Technical Analysis: Gold price hovers near $1,950

Gold price continues its three-day losing streak as investors remain cautious ahead of Powell’s commentary on interest rates. The Gold price corrects further below the 20-day Exponential Moving Average (EMA) but is likely to find support near the 50-day EMA, which trades near $1,935.00. Momentum oscillators indicate that the bullish impulse has faded but the broader trend is still upbeat.

Fed FAQs

What does the Federal Reserve do, how does it impact the US Dollar?

Monetary policy in the US is shaped by the Federal Reserve (Fed). The Fed has two mandates: to achieve price stability and foster full employment.
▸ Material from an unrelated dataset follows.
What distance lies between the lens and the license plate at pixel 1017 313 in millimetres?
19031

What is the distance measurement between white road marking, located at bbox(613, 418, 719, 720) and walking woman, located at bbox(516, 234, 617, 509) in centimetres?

Its primary tool to achieve these goals is by adjusting interest rates.
When prices are rising too quickly and inflation is above the Fed’s 2% target, it raises interest rates, increasing borrowing costs throughout the economy. This results in a stronger US Dollar (USD) as it makes the US a more attractive place for international investors to park their money.
When inflation falls below 2% or the Unemployment Rate is too high, the Fed may lower interest rates to encourage borrowing, which weighs on the Greenback.

How often does the Fed hold monetary policy meetings?

The Federal Reserve (Fed) holds eight policy meetings a year, where the Federal Open Market Committee (FOMC) assesses economic conditions and makes monetary policy decisions.
The FOMC is attended by twelve Fed officials – the seven members of the Board of Governors, the president of the Federal Reserve Bank of New York, and four of the remaining eleven regional Reserve Bank presidents, who serve one-year terms on a rotating basis.

What is Quantitative Easing (QE) and how does it impact USD?

In extreme situations, the Federal Reserve may resort to a policy named Quantitative Easing (QE). QE is the process by which the Fed substantially increases the flow of credit in a stuck financial system.
It is a non-standard policy measure used during crises or when inflation is extremely low. It was the Fed’s weapon of choice during the Great Financial Crisis in 2008. It involves the Fed printing more Dollars and using them to buy high grade bonds from financial institutions. QE usually weakens the US Dollar.

What is Quantitative Tightening (QT) and how does it impact the US Dollar?

Quantitative tightening (QT) is the reverse process of QE, whereby the Federal Reserve stops buying bonds from financial institutions and does not reinvest the principal from the bonds it holds maturing, to purchase new bonds. It is usually positive for the value of the US Dollar.